## Exercise instructions
Filter the data below, keeping only lines that contain "with".

BEGIN Material provided

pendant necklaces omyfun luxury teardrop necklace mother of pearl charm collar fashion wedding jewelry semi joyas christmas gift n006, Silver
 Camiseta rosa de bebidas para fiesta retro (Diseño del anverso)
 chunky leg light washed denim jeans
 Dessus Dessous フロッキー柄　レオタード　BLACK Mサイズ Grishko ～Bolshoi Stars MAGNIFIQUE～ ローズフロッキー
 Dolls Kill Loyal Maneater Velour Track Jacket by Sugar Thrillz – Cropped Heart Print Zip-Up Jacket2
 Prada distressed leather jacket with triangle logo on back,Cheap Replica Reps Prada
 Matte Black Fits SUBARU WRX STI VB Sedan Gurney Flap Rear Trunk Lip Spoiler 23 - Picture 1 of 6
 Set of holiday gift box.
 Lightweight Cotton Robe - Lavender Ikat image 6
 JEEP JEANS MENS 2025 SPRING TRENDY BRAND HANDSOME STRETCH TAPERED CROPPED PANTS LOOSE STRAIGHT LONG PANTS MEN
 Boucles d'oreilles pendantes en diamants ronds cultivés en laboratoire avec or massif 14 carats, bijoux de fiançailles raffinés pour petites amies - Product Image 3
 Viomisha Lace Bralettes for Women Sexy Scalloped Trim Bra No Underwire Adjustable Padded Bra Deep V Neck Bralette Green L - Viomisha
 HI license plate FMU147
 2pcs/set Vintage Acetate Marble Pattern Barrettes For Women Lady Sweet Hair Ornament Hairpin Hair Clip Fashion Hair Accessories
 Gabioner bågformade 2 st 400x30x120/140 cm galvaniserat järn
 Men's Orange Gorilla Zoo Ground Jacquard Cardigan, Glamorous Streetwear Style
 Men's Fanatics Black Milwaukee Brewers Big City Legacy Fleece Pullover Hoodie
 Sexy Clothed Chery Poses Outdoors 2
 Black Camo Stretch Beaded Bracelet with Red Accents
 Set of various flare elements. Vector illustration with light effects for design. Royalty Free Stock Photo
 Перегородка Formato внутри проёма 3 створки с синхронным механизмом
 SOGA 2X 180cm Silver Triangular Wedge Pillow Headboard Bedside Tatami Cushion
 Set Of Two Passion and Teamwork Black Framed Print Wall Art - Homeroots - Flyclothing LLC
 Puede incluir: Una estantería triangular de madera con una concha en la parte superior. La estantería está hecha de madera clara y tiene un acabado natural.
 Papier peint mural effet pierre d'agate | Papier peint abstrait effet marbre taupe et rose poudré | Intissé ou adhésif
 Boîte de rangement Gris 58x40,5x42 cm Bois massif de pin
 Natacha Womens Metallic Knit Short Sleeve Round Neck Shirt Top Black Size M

END Material provided

## Response for this exercise
 Prada distressed leather jacket with triangle logo on back,Cheap Replica Reps Prada
 Black Camo Stretch Beaded Bracelet with Red Accents
 Set of various flare elements. Vector illustration with light effects for design. Royalty Free Stock Photo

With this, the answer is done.